After a while I began to grow weary of Rushdie's tireless invention and brilliance. Of course I would be the first to admit that the finer details of much of his invective escaped me, just as they must escape anyone not thoroughly familiar with the arcane political and social disputes of contemporary India. No doubt those who recognise the Bombay politician Bal Thackeray in "Mainduck" Fielding will catch the full frisson of Fielding's gory death at Morae's hand. For the majority of Rushdie's readers, though, Fielding must remain just another grotesque in a scintillating but enervating gallery of grotesques.
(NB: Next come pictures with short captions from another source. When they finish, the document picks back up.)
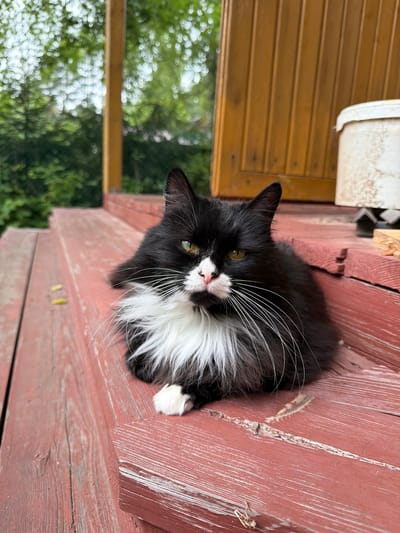 A black and white fluffy cat is resting on weathered red wooden steps outside a building. The cat has green eyes, white whiskers, and a white chest. In the background, out-of-focus green trees and foliage are visible, suggesting an outdoor, possibly rural or suburban, setting. To the right, part of a light-colored bucket and wooden siding of the building can be seen. The overall scene depicts a serene moment of a cat at rest in its natural environment. The location is identified as Orekhovo, Russia, which is known for its suburban and natural landscapes.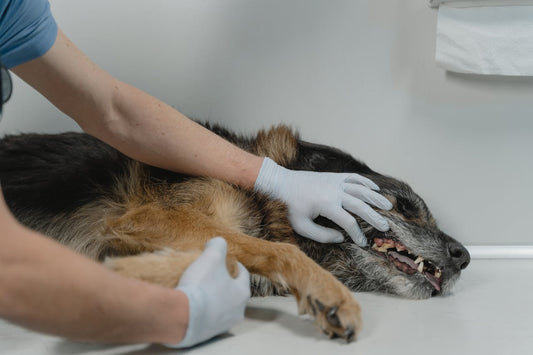 Signs your dog is dying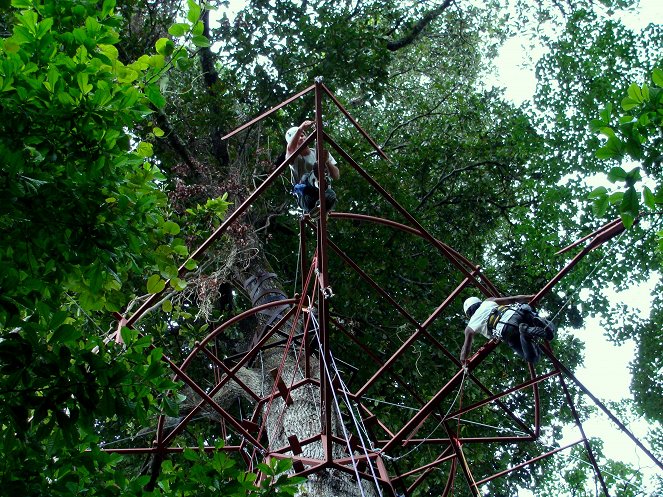 Ein Baumhaus in Costa Rica - Filmfotos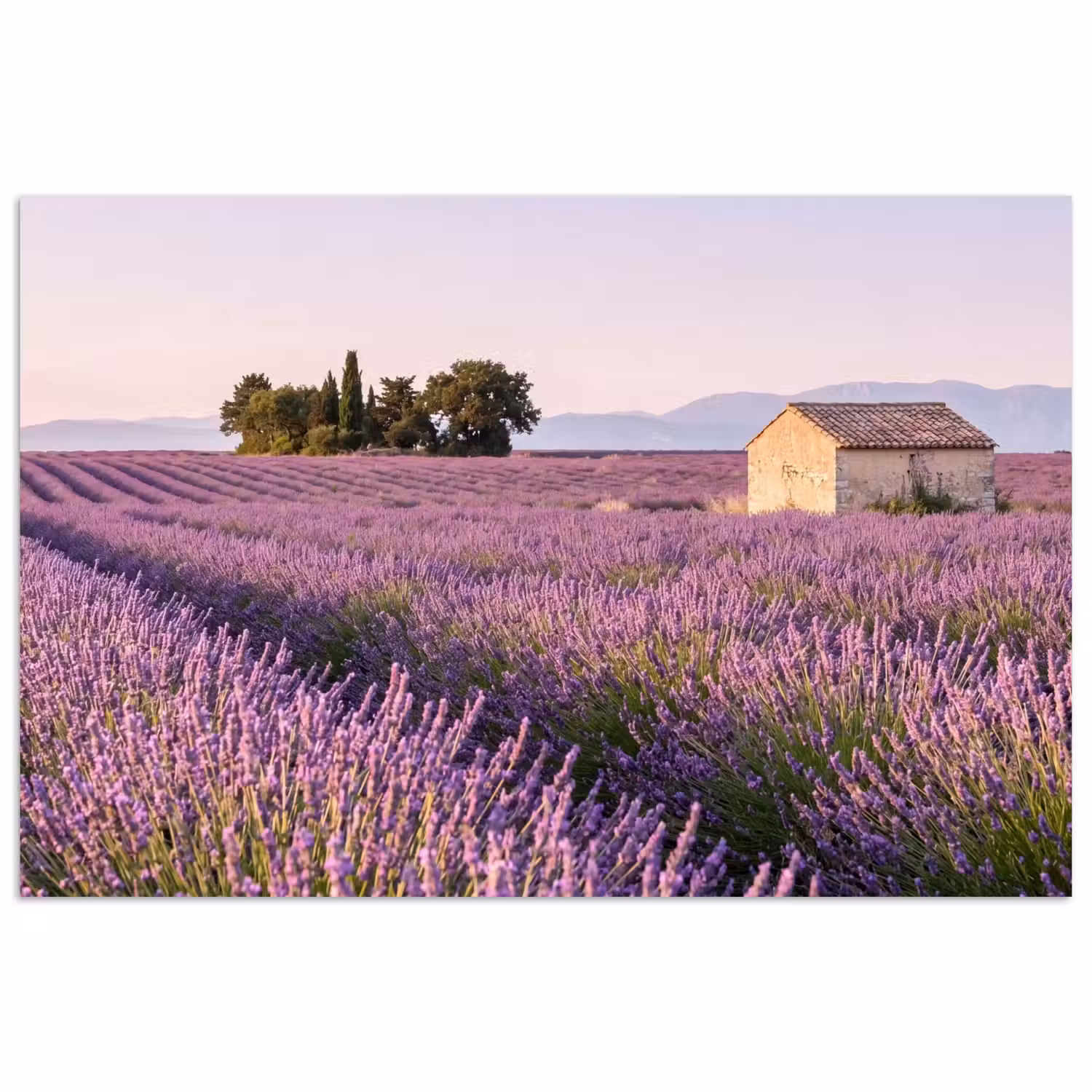 Lavendel - Landschap - Sereen - Paars poster papier klein -3d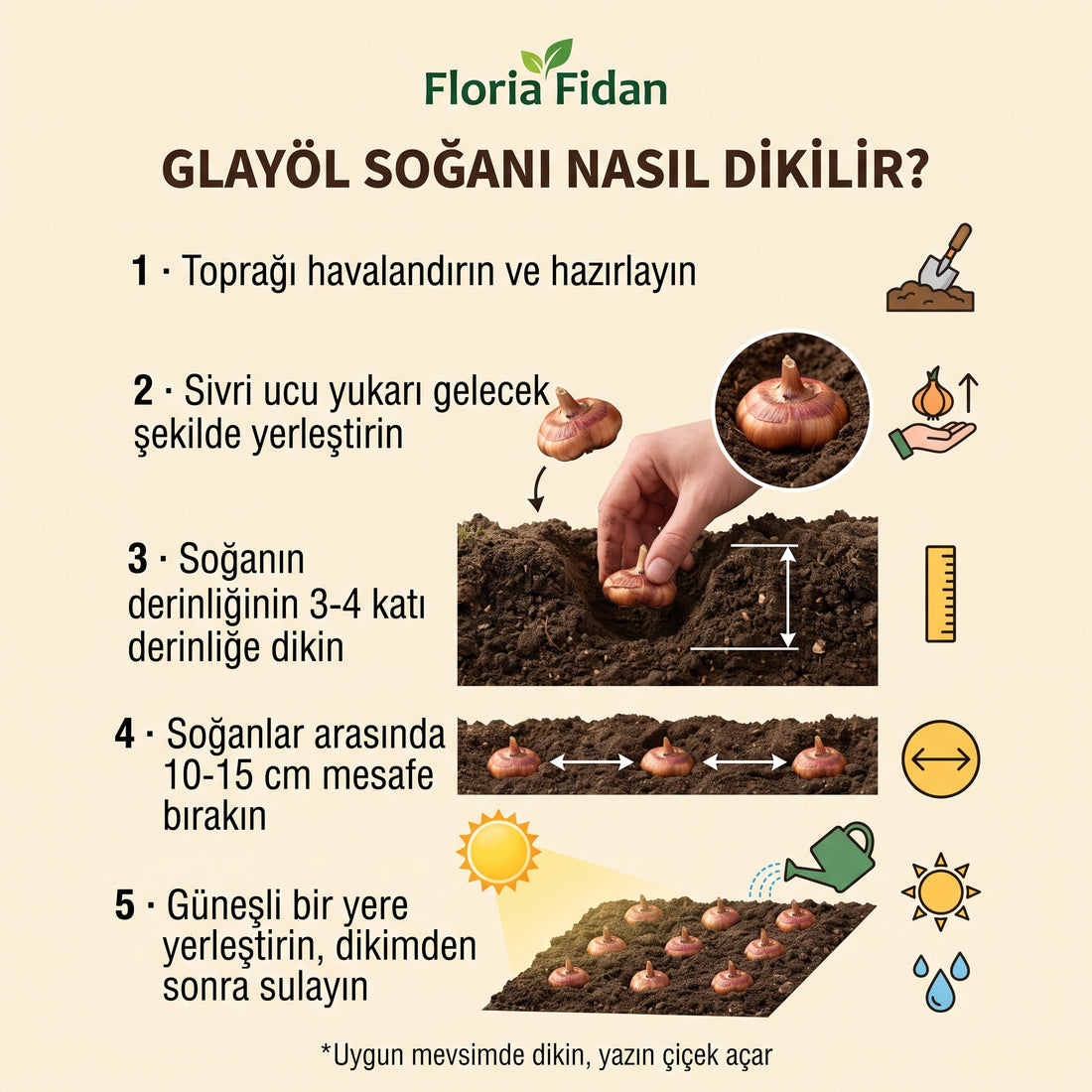 Glayör Soğanı Karışık Renk — 3'lü İthal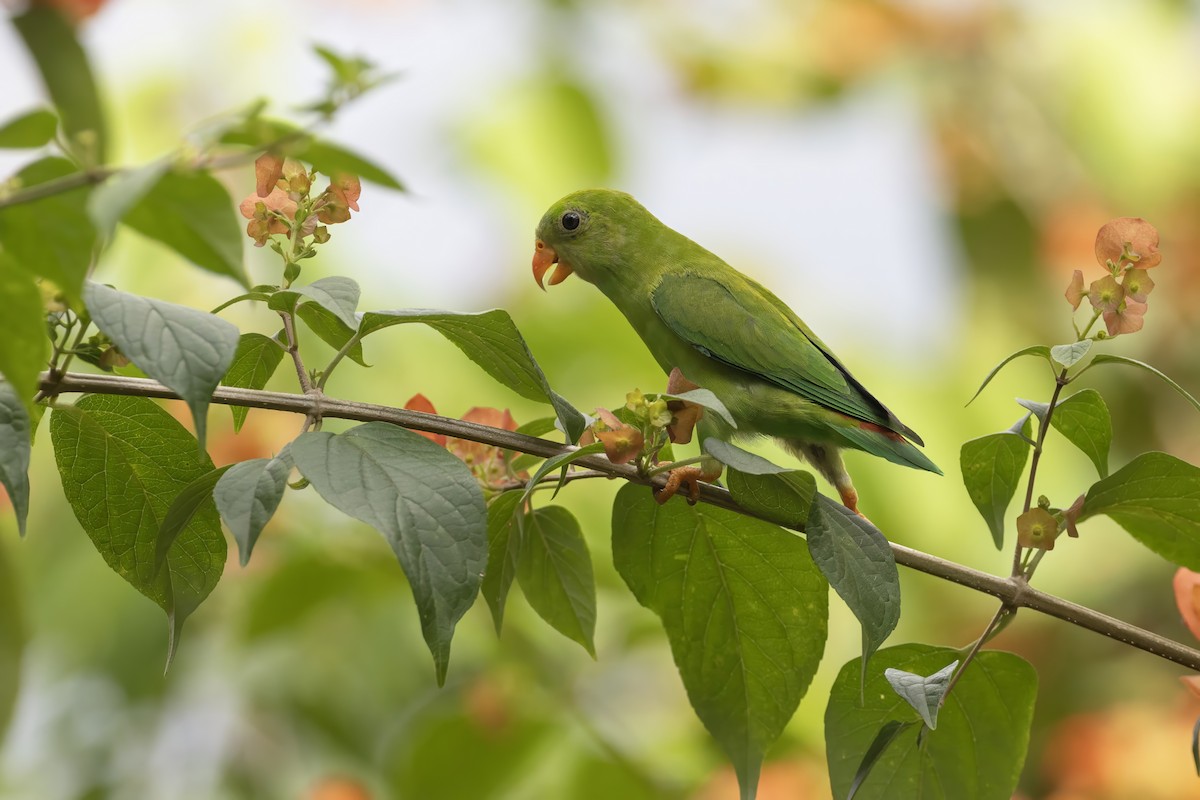Vernal Hanging-Parrot - ML641177789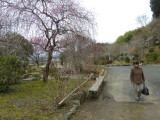 img0048.jpg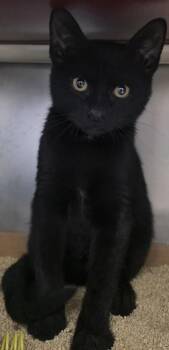 Barney Stinson -  Domestic Short Hair Cat for Adoption in Morristown, New Jersey - Barney Stinson | PetCurious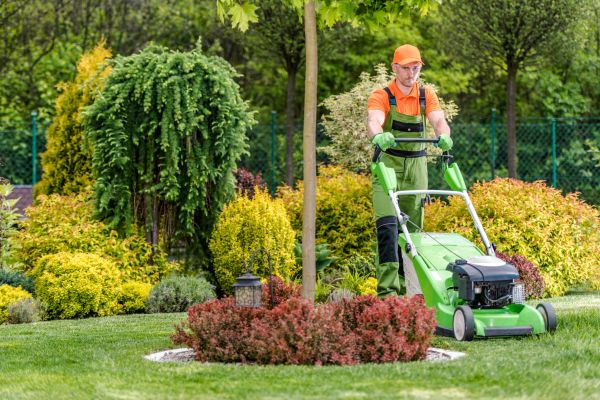 Yard Service in Fort Smith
Such qualities have always distinguished Rushdie's writing. Yet in The Moor's Last Sigh they seem to me more pronounced and often more worrying than elsewhere. There is something heartless in the succession of betrayals, murders, assassinations and outrages paraded here with cheerful cynicism from beginning to end. Rushdie's fondness for often childish pubs (a Bombay financial institution called Coshondeliveri; the nicknames of Moraes and his three sisters Ina, Minnie, Mynah , Moor) are indicative, it seems to me, of a curious cast of mind, of a personality so intent, perhaps, on not giving in, or enduring in the face of appalling tribulations, that everything is concentrated into a narrow band of brilliance and virtuosity, from which emotional resonances have been rigorously excluded.
In the final section of The Moor's Last Sigh, Moraes is imprisoned in a tower by the insane, senile Vasco Miranda, who suddenly appears, wearing Moorish fancy dress, "... in his baggy pantaloons and embroidered waistcoat worn open over a ballooning collarless "shirt" to mock his captive and to subject him to taunting indignities. Is this an image of the Islamic world's fury against the author of The Satanic Verses?
In the light of Rushdie's recent predicament it is impossible not to catch that implication, no matter what Rushdie himself might have wanted to convey. Similarly, you cannot read The Moor's Last Sigh divorced from the context, without an awareness of the courage and determination that prompted Rushdie to persist, continue writing and to create this glittering world. By the same token, though, it would be less than honest not to admit that the fatwa seems to have taken its toll, driving this wonderful writer into what is at times close to a parody of a novel by Salman Rushdie.